Copy every entry exactly as given, minus the images.

Brief descriptive captions
══════════
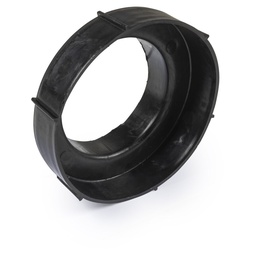 Huvema Ring van koelbak | RNG ZMM CU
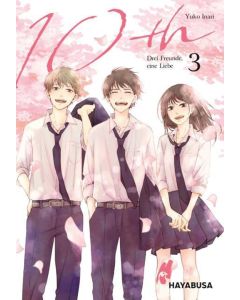 10th-Drei-Freunde-eine-Liebe-3-Manga-Neu-1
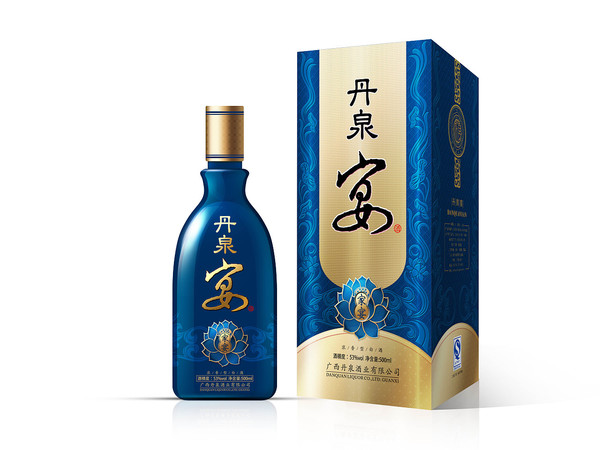 古納河白酒50價(jià)格(古納河所有白酒價(jià)格)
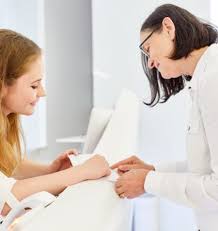 We would like to show you a description here but the site won’t allow us. Patient Forms Illinois Dermatology Institute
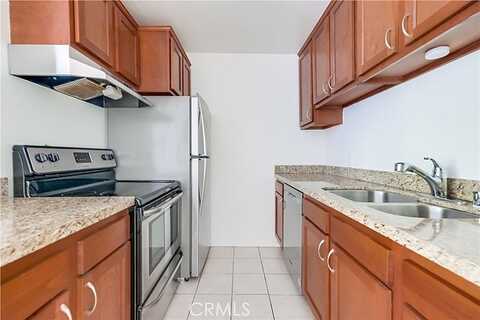 Estates, ROLLING HILLS ESTATES, CA 90274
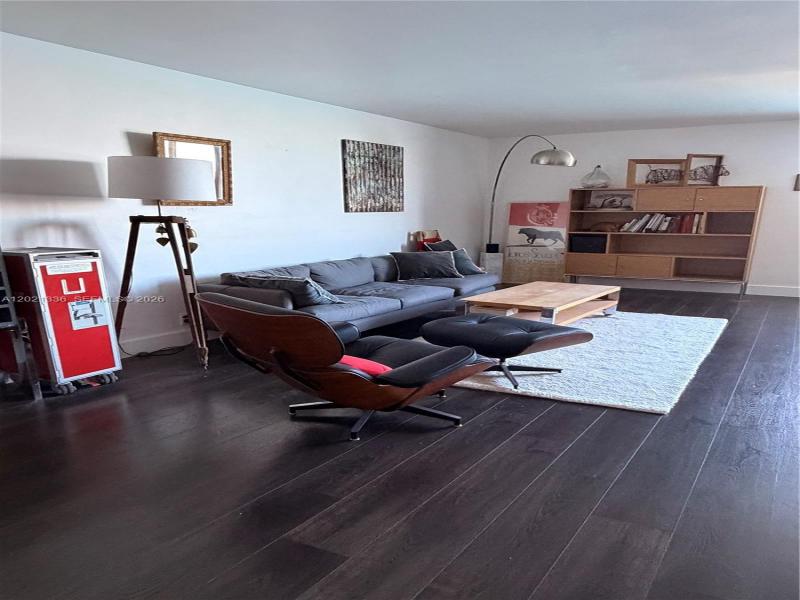 Property photo # 8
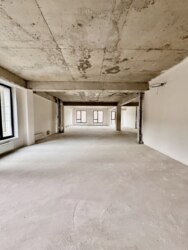 ��������� �������� ������, ��������� �-�, ����� ���������, 191����1 ���� 5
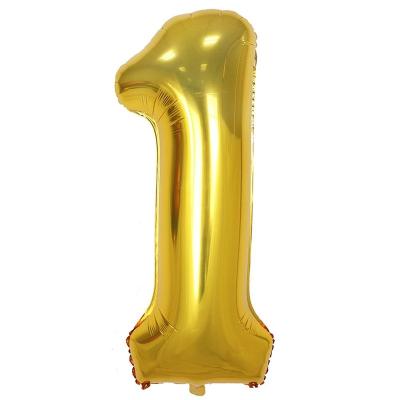 China Other Number Balloon Plastic Balloons Printable Balloons for sale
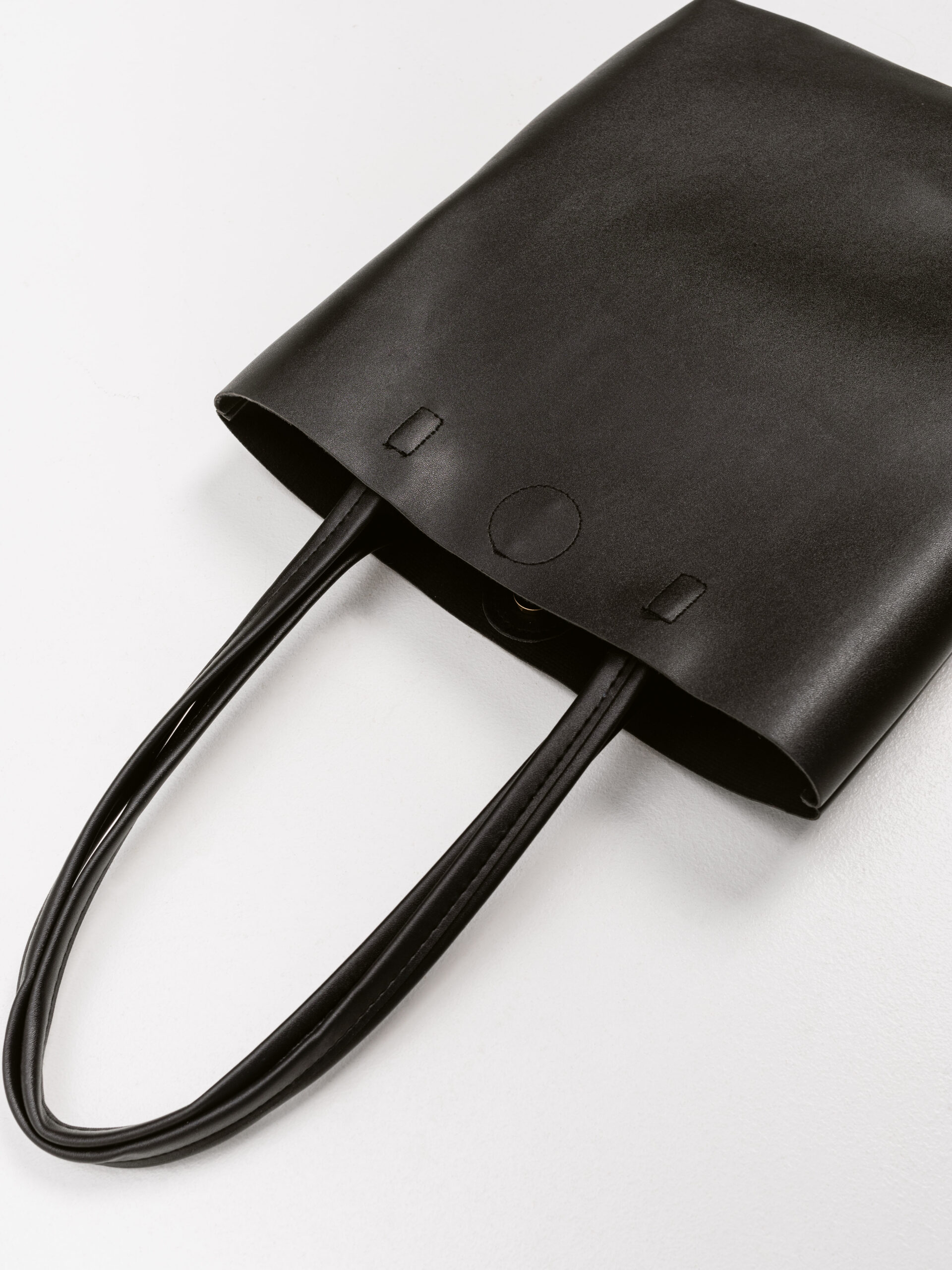 Фотопроект студии 31 День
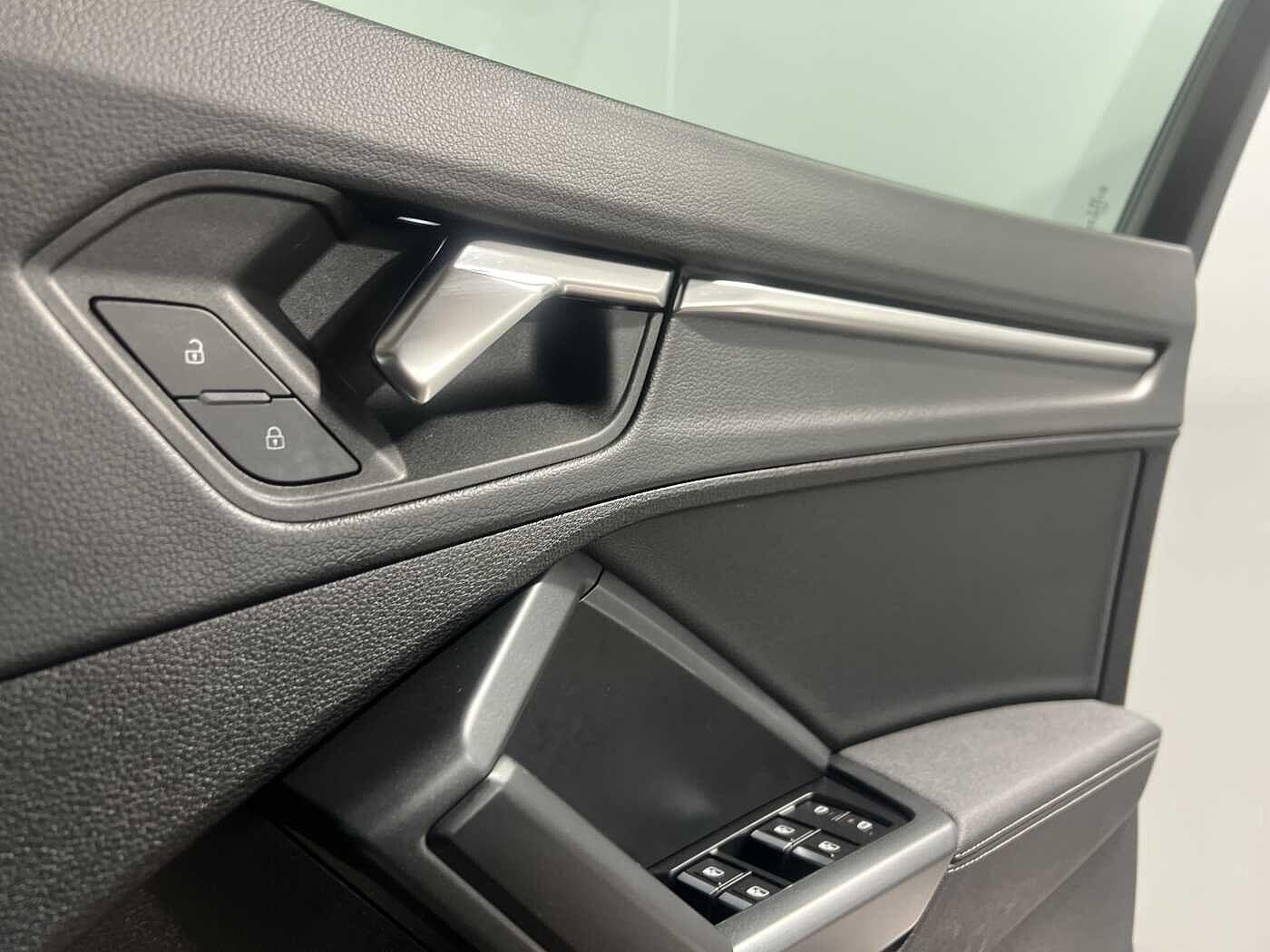 Used Audi Q3 2023 for sale - 78020159: Photo 11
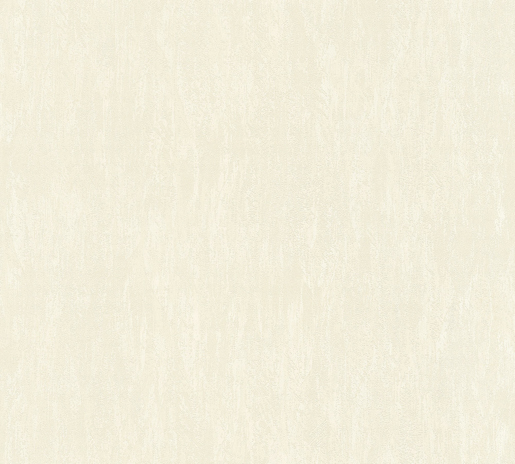 MPlus Pro Chic 2025 Tapete 55059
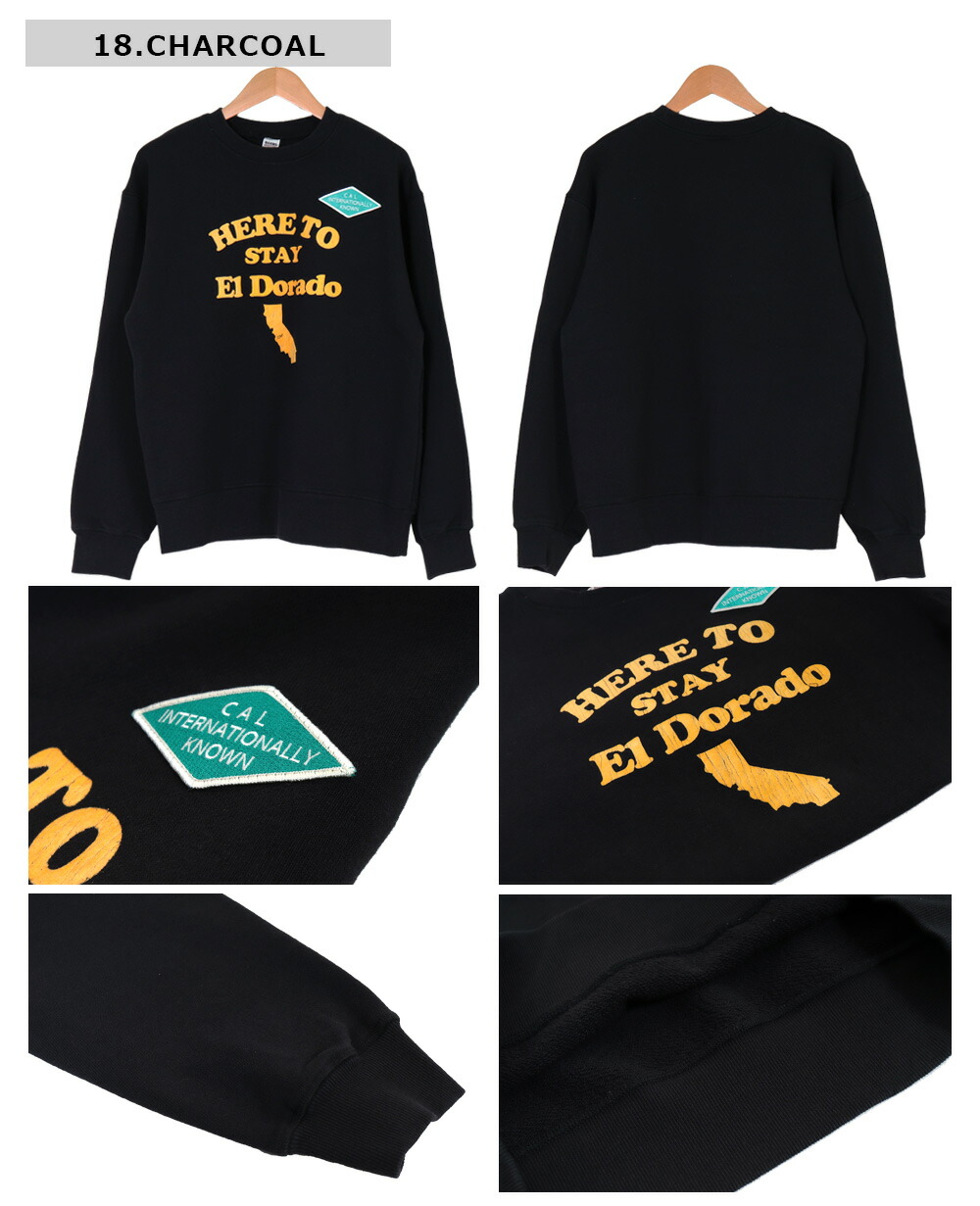 BARNS OUTFITTERS（バーンズ アウトフィッターズ） バーンズ メンズ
══════════
> Exercise result:
 Huvema Ring van koelbak | RNG ZMM CU
 10th-Drei-Freunde-eine-Liebe-3-Manga-Neu-1
 古納河白酒50價(jià)格(古納河所有白酒價(jià)格)
 We would like to show you a description here but the site won’t allow us. Patient Forms Illinois Dermatology Institute
 Estates, ROLLING HILLS ESTATES, CA 90274
 Property photo # 8
 ��������� �������� ������, ��������� �-�, ����� ���������, 191����1 ���� 5
 China Other Number Balloon Plastic Balloons Printable Balloons for sale
 Фотопроект студии 31 День
 Used Audi Q3 2023 for sale - 78020159: Photo 11
 MPlus Pro Chic 2025 Tapete 55059
 BARNS OUTFITTERS（バーンズ アウトフィッターズ） バーンズ メンズ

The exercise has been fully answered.